### Aim of the task
When you transcribe the lines below, keep every word the same and leave the pictures behind.

### Data below
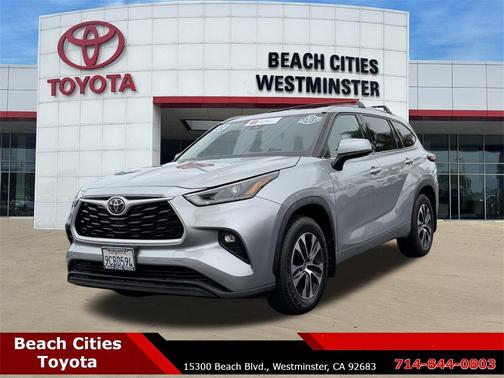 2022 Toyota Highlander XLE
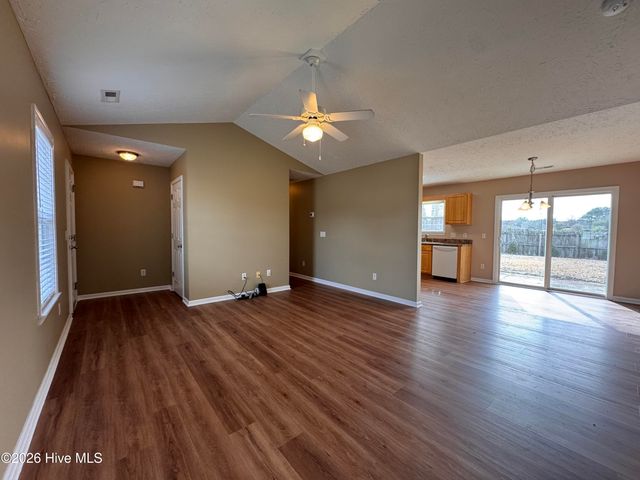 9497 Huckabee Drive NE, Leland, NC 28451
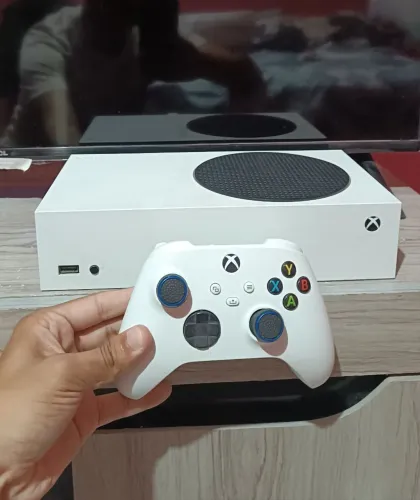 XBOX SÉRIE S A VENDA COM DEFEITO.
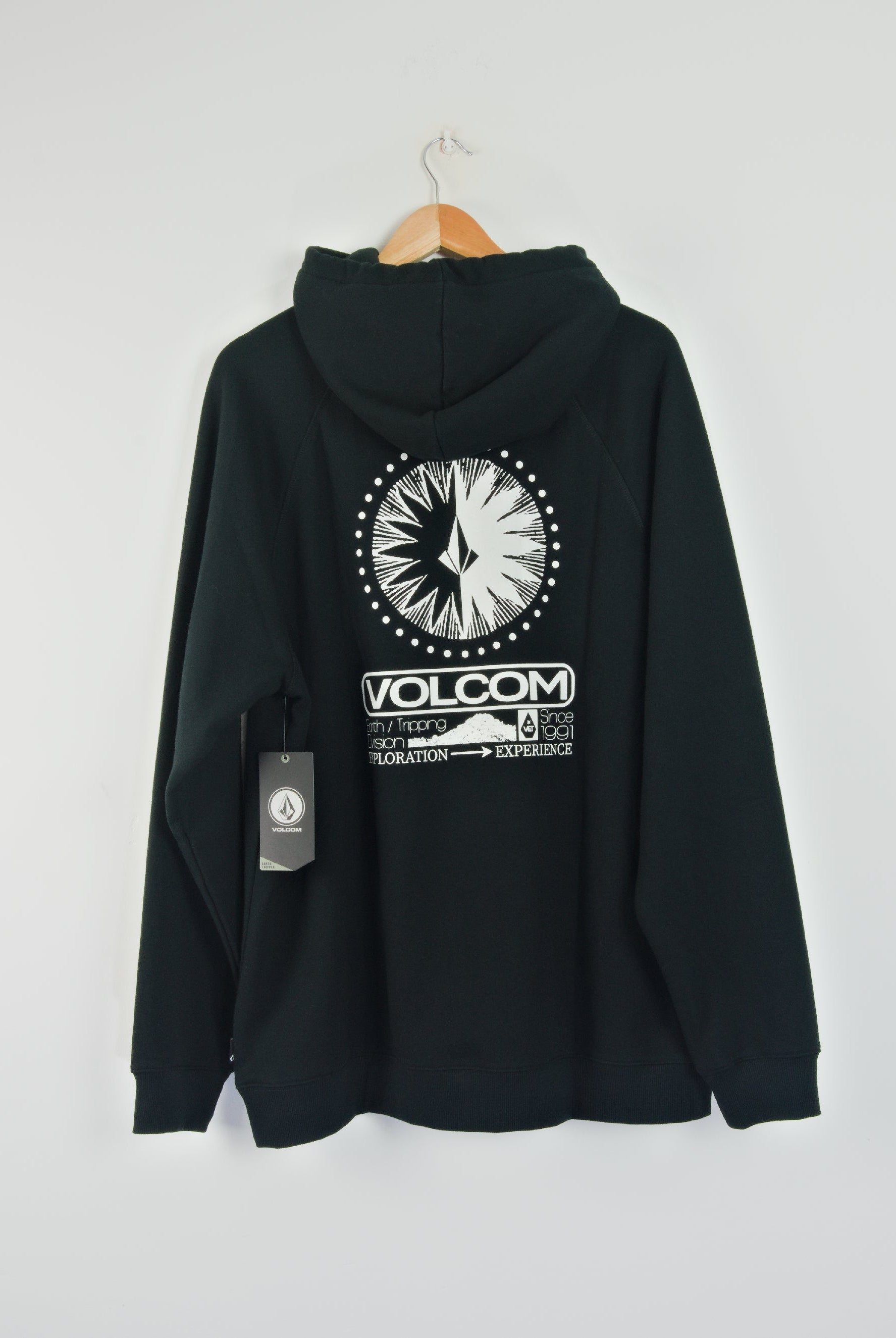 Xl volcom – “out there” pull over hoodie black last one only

### Written response
 2022 Toyota Highlander XLE
 9497 Huckabee Drive NE, Leland, NC 28451
 XBOX SÉRIE S A VENDA COM DEFEITO.
 Xl volcom – “out there” pull over hoodie black last one only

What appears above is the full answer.